사용하여 추천시스템을 만들어 보겠습니다.

FM에 대한 설명은https://datapractice0815.tistory.com/208이곳에서 확인해주세요.

 

 

우선 리소스 문제로인하여 1/100 이로 샘플링 하여 데이터를 사용하겠습니다.

# sample_df = total.sample(frac=0.01, random_state=42)
# sample_df.to_csv('sample_df.csv')
# 리소스 문제로 total data를 1/100로 샘플링

FILES_DIR = './files/'
sample = pd.read_csv(FILES_DIR + 'sample_df.csv')

 

분석과정에서 나온 데이터들을 전처리하겠습니다.

# binary로 문제를 풀어볼거여서 구매 말고는 -1로
sample_df['rating'] = sample_df['event_name']
re_name = {'rating' : {'click_item':-1, 'like_item':-1, 'add_to_cart':-1, 'purchase_success':1}}
sample_df = sample_df.replace(re_name)
####################################
####################################
sample_df = sample_df[sample_df['gender'] != 'un_gender']
####################################
####################################
sample_df.loc[sample_df['age'] <= 17, 'age(Group)'] = '00 ~ 17'

sample_df.loc[(sample_df['age'] >= 18) &\
               (sample_df['age'] <= 24), 'age(Group)'] = '18 ~ 24'

sample_df.loc[(sample_df['age'] >= 25) &\
               (sample_df['age'] <= 35), 'age(Group)'] = '25 ~ 35'

sample_df.loc[(sample_df['age'] >= 36) &\
               (sample_df['age'] <= 44), 'age(Group)'] = '36 ~ 44'

sample_df.loc[(sample_df['age'] >= 45) &\
               (sample_df['age'] <= 54), 'age(Group)'] = '45 ~ 54'

sample_df.loc[sample_df['age'] >= 55, 'age(Group)'] = '55 ~ 99'
####################################
####################################
sample_df['event_timestamp'] = pd.to_datetime(sample_df['event_timestamp'])
sample_df['event_timestamp(weekday)'] = sample_df['event_timestamp'].dt.day_name()

 

우선 기존 데이터에서 필요한 컬럼만 추출하여 사용하겠습니다.

# 필요한 컬럼만 추출
col_list_1 = ['event_name', 'user_no', 'item_no', 'country', 'region', 'platform', 
'event_timestamp_month', 'event_timestamp_day', 'event_timestamp_hour',
'category1_name', 'category2_name', 'gender', 'age', 'age(Group)', 'event_timestamp(weekday)']

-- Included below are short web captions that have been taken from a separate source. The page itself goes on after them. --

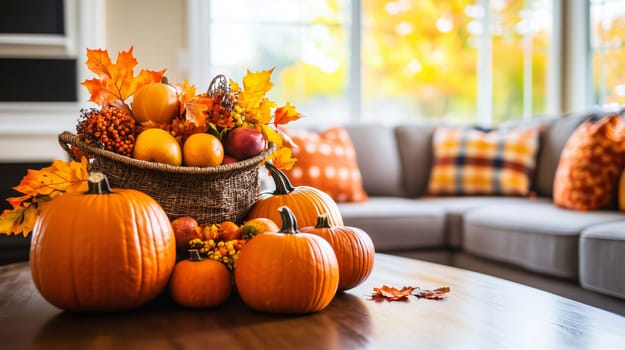 Comfortable living room is decorated for autumn with pumpkins, gourds, and colorful maple leaves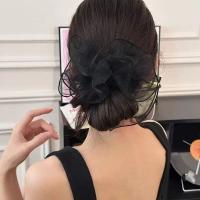 Cinta De Pelo Organza Moda Forma De Intestino Grande Cinta Elástica De Malla Plisada Flor De Cabeza Accesorio De Cabello Para Mujer - details 1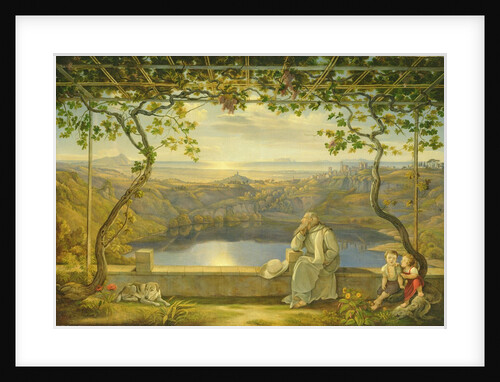 A Monk on a Terrace at the Nemi Lake, 1818 by Joachim Faber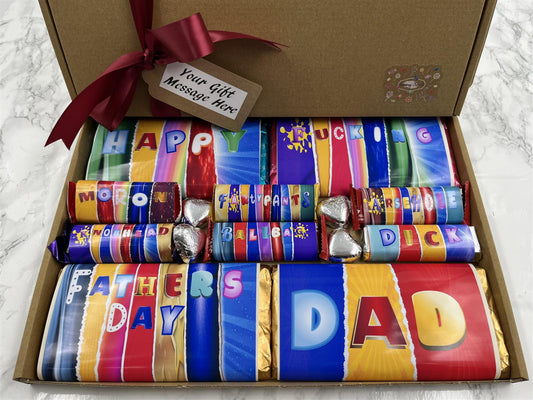 Rude Sweary Fathers Day Novelty Chocolate Wrapper Gift Box - Dad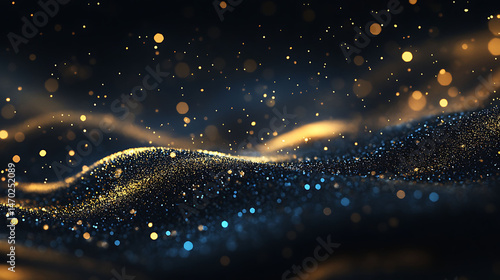 Realistic de-focused glitter background with flowing motion of golden dust trails and sapphire sparkles blending into deep shadows
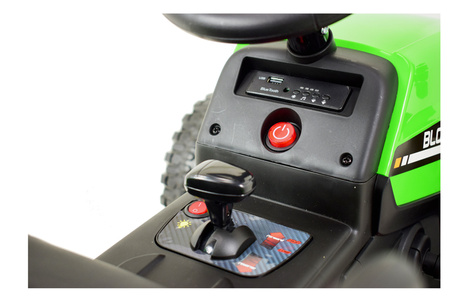 SUPER TRAKTOR BLOW - NA AKUMULATOR Z PRZYCZEPĄ, MIĘKKIE KOŁA, MIEKKIE SIEDZENIE, PILOT/XMX611
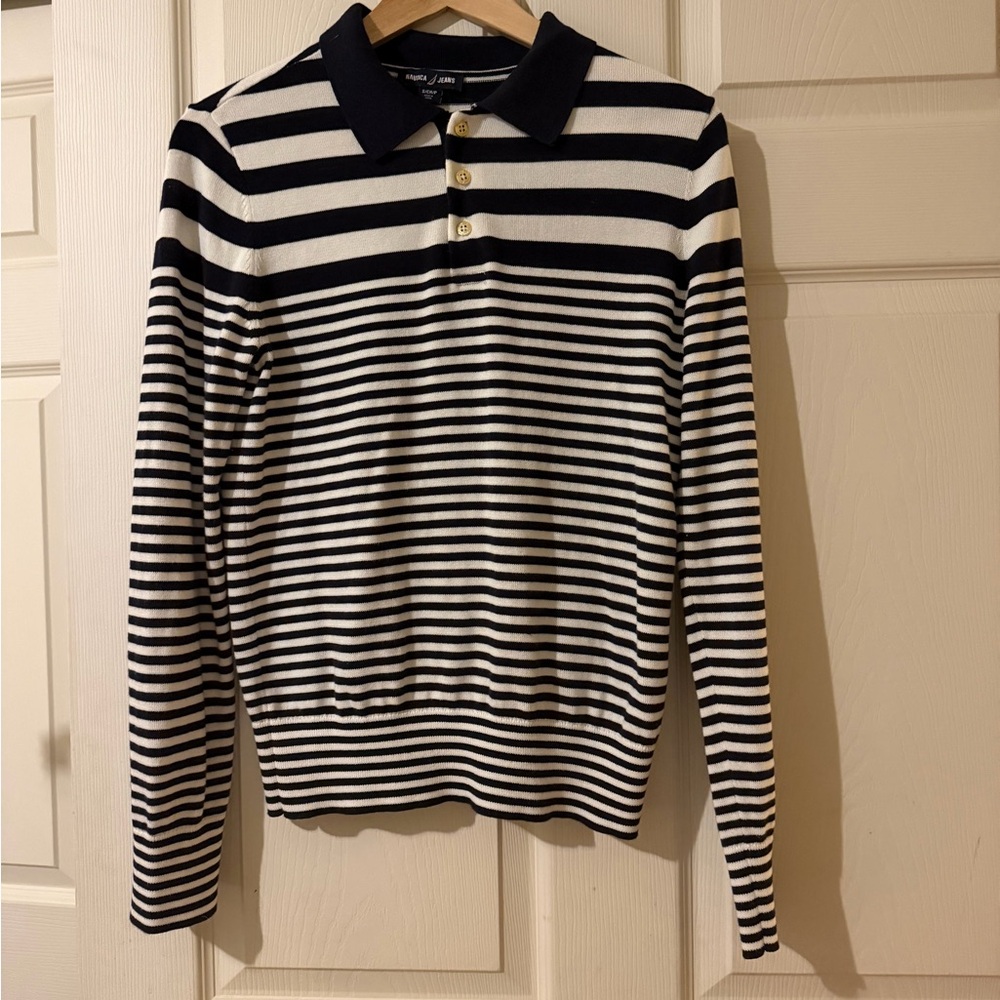 Striped Black and White Polo Sweater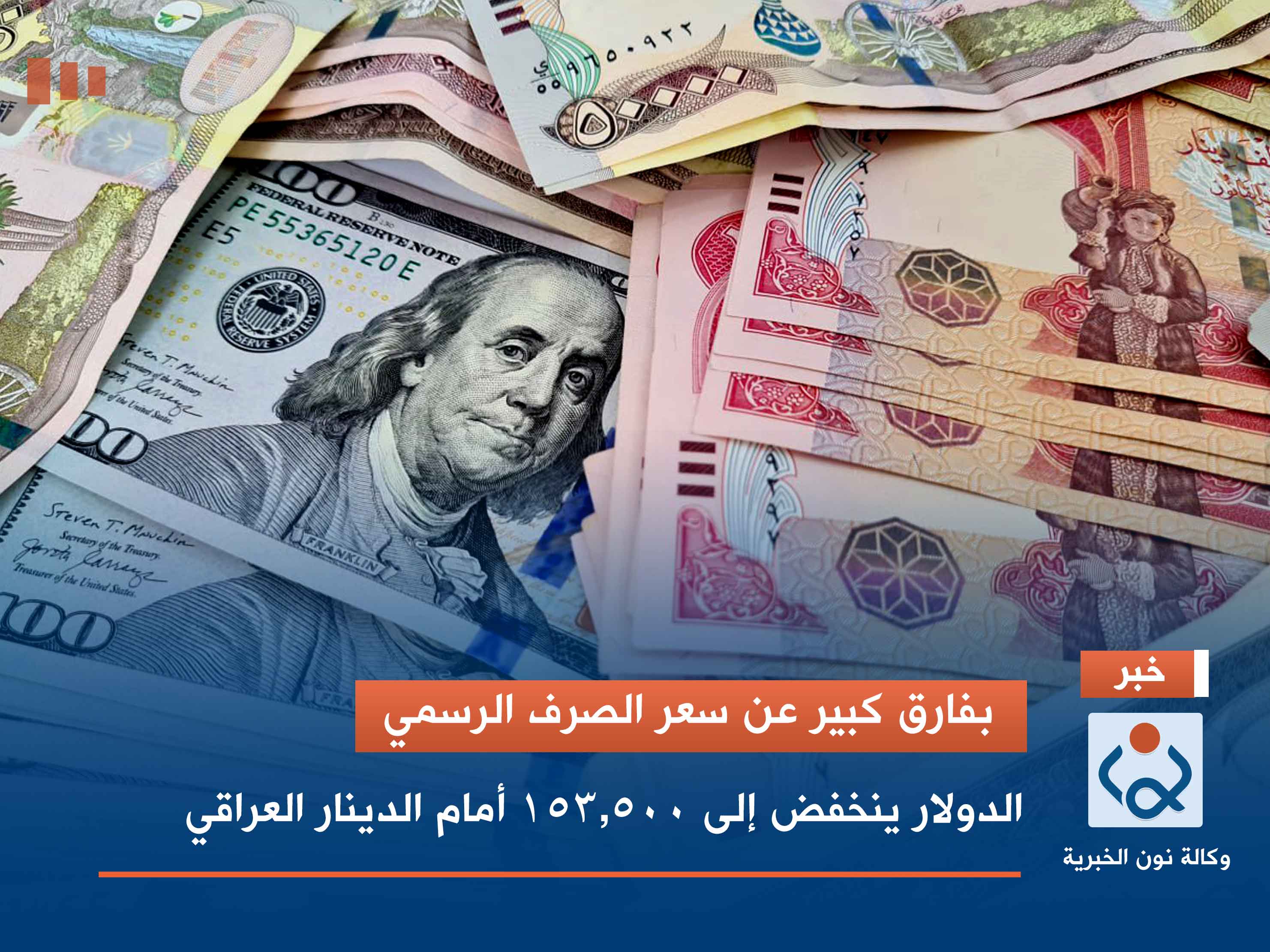 بفارق كبير عن سعر الصرف الرسمي.. الدولار ينخفض إلى 153.500 أمام الدينار العراقي
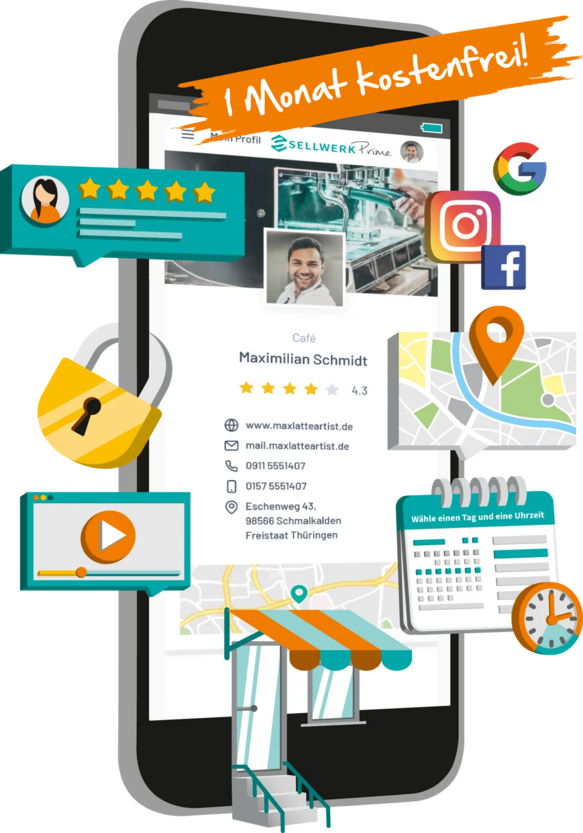 Smartphone zeigt die Digital-Marketing-Lösungen von Sellwerk Prime
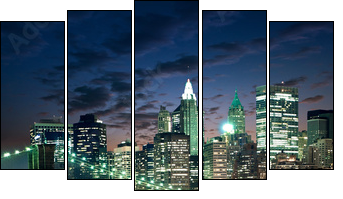 Amazing New York cityscape - taken after sunset - Five-piece canvas print, Pentaptych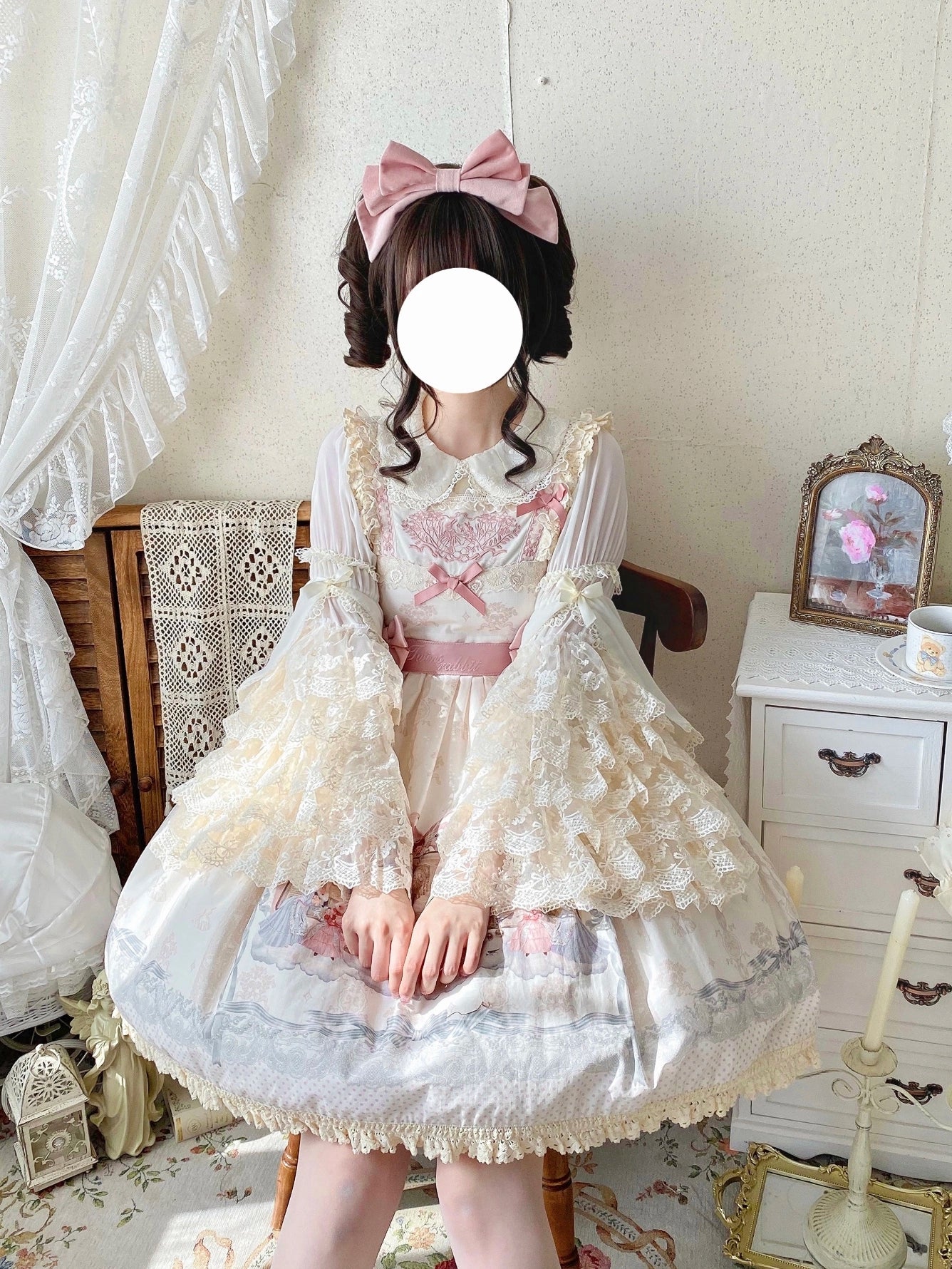 Qianmu - Granulated Sugar - Doll-like Sweet Lolita Lace Blouse, Hime Sleeve 44108:796436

raw_data_1 = sample_df[col_list_1]

 

X와 y데이터를 만들겠습니다.

X_data = pd.get_dummies(raw_data_1, columns=col_list_1)
y_data = sample_df['rating']

 

X데이터를 csr_matrix로 만들어 주겠습니다.

csr_matrix 자세한 설명은 https://rfriend.tistory.com/551 참고해주세요

import scipy
X_sparse = scipy.sparse.csr_matrix(X_data.values)

 

 

Model Equation

 

Pairwise Interaction to be computed

- Linear Complexity

 

로스를 정의하는 부분입니다.

negative likelihood 이며 binary classification할때 사용하는 것입니다.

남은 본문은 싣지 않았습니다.